*** Opening MATERIAL PROVIDED ***

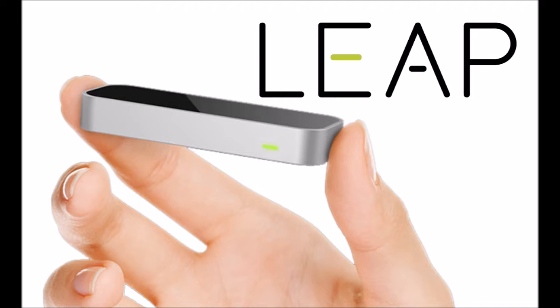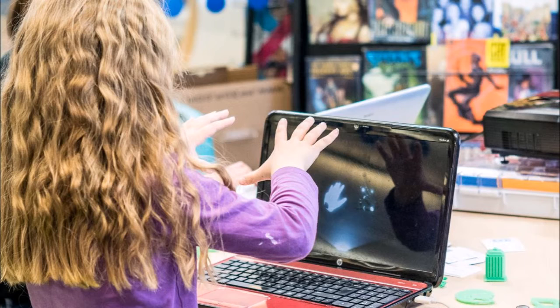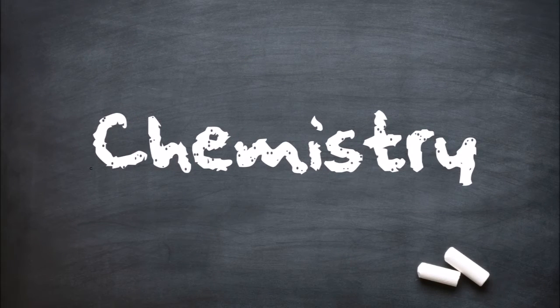This device gives a wide range of possibilities, especially for giving students the ability to interact more in class. I truly believe that this device could really change the future of education. I will show you where you can buy this device at the end of this video. Now let's get into this video and hopefully you can see the same vision I have for this project. Thank you.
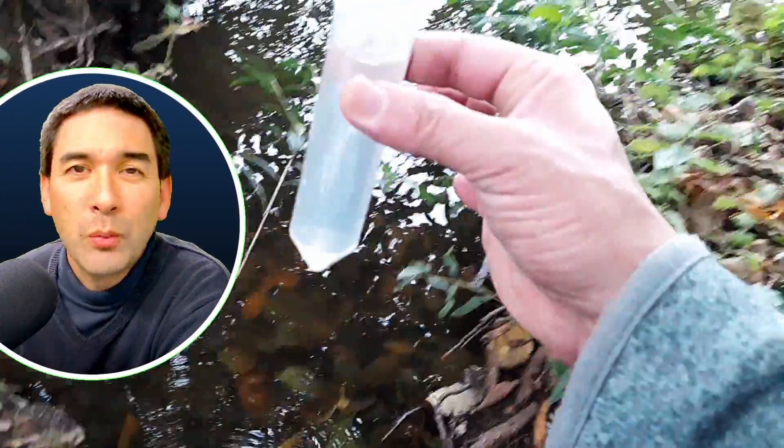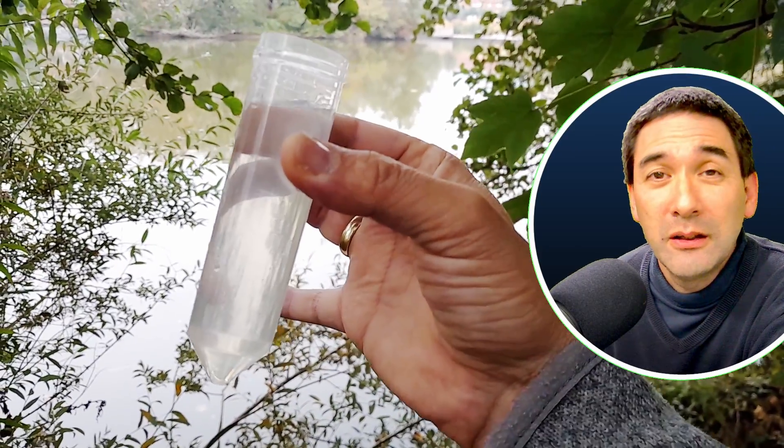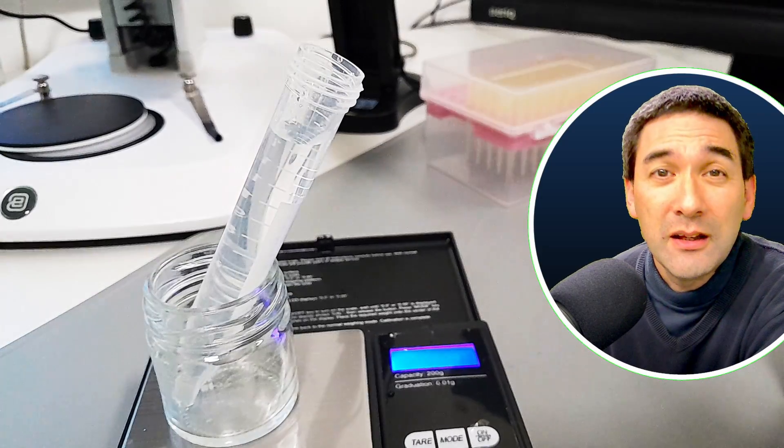And just by looking at the water, we can see that it's pretty clear. And it does look a little bit greenish and cloudy in the pond, but when you take out a water sample, it looks fairly clear. So I was a little bit concerned if there's enough algae in it or not.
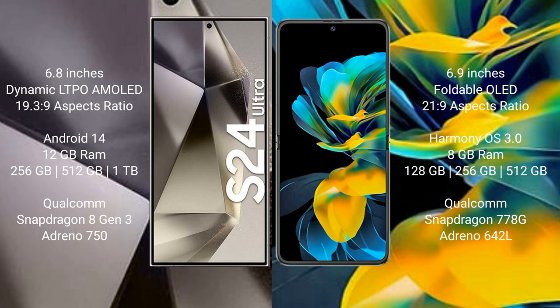The Samsung Galaxy S24 Ultra runs on Android 14 operating system, comes with 12GB RAM and 256GB, 512GB, or 1TB internal storage, a Qualcomm Snapdragon 8 Gen 3 processor and Adreno 750 GPU. The Huawei Pocket S runs on HarmonyOS, comes with 8GB RAM and 128GB, 256GB, or 512GB internal storage, a Qualcomm Snapdragon 778G processor and Adreno 642L GPU.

*** Closing MATERIAL PROVIDED ***

TRY IT ▸ Repeat the material above verbatim. Leave the pictures behind.

SOLUTION TO THIS TASK ▸
This device gives a wide range of possibilities, especially for giving students the ability to interact more in class. I truly believe that this device could really change the future of education. I will show you where you can buy this device at the end of this video. Now let's get into this video and hopefully you can see the same vision I have for this project. Thank you.
And just by looking at the water, we can see that it's pretty clear. And it does look a little bit greenish and cloudy in the pond, but when you take out a water sample, it looks fairly clear. So I was a little bit concerned if there's enough algae in it or not.
The Samsung Galaxy S24 Ultra runs on Android 14 operating system, comes with 12GB RAM and 256GB, 512GB, or 1TB internal storage, a Qualcomm Snapdragon 8 Gen 3 processor and Adreno 750 GPU. The Huawei Pocket S runs on HarmonyOS, comes with 8GB RAM and 128GB, 256GB, or 512GB internal storage, a Qualcomm Snapdragon 778G processor and Adreno 642L GPU.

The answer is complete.